Annotate this Case

1950 OK 311
226 P.2d 388
203 Okla. 664
Case Number: 33931
Decided: 12/12/1950
Supreme Court of Oklahoma


¶0 1. NEGLIGENCE - TRIAL - In action to recover damages for personal injuries, court did not err in failing to instruct as to duty of inviter to warn invitee of alleged hidden danger.
Where, in an action to recover damages for personal injuries, the relationship of inviter and invitee is shown to have existed, but plaintiff does not allege or prove as an act of negligence on the part of the defendant inviter the existence on the premises of a dangerous condition known to the inviter, or which should reasonably have been known to him, but not known to the invitee, it is not error by the trial court in failing to instruct the jury as to the duty of inviter to warn the invitee of an alleged hidden danger.
2. EVIDENCE - Testimony of trained and experienced airplane pilot admissible as to what he would do in a given case.
A trained and experienced airplane pilot called as an expert witness may testify as to what he would do in a given case to offset the effect of an injury to an airplane causing a loss of lifting power in one of the wings of the airplane.
3.APPEAL AND ERROR - Sufficiency of evidence in law action tried to jury to sustain verdict.
Where a law action is fairly tried to a jury and the evidence is in conflict, and the issues are submitted to a jury under fair instructions, the verdict of the jury and a judgment based thereon will not be disturbed on appeal.

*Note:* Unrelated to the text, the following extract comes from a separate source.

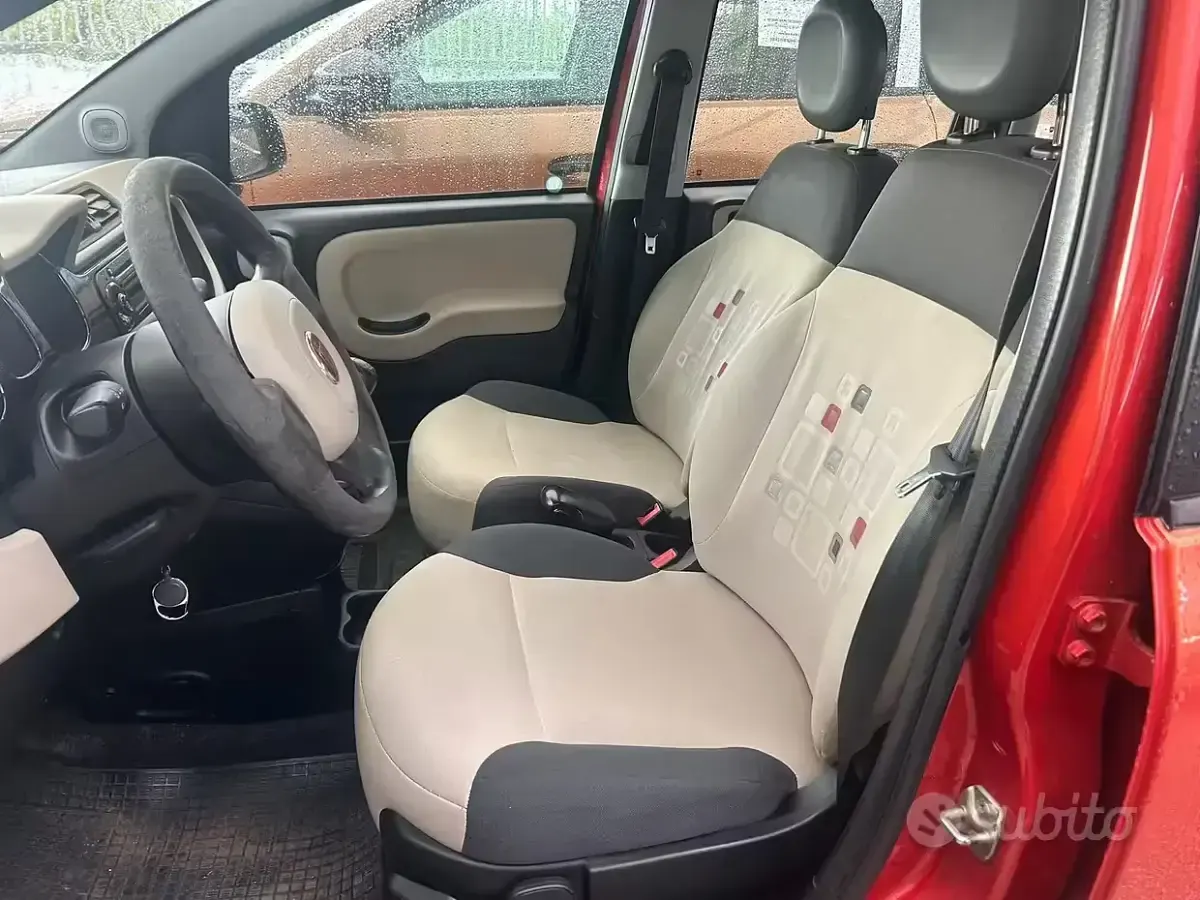 Usata Fiat Panda Lounge 75 CV (55 kW) 2012 Rosso Utilitaria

Appeal from District Court, Canadian County; Baker H. Melone, Judge.

Action by Leonard Ronspiez against Lloyd Chambers and William Brown, d/b/a Brownie's Flying Service to recover damages for personal injuries. Judgment for defendant, and plaintiffs appeal. Affirmed.

C. W. Clift, Oklahoma City, F. C. Swindell, Logan Stephenson, Tulsa, for plaintiff in error.

A. Francis Porta, El Reno, for defendants in error.


¶1 This is an appeal from a judgment of the District Court of Canadian County in an action for damages by Leonard Ronspiez against L. A. Chambers and William Brown, a partnership, doing business as Brownie's Flying Service. The action grows out of alleged negligent operation of an airplane.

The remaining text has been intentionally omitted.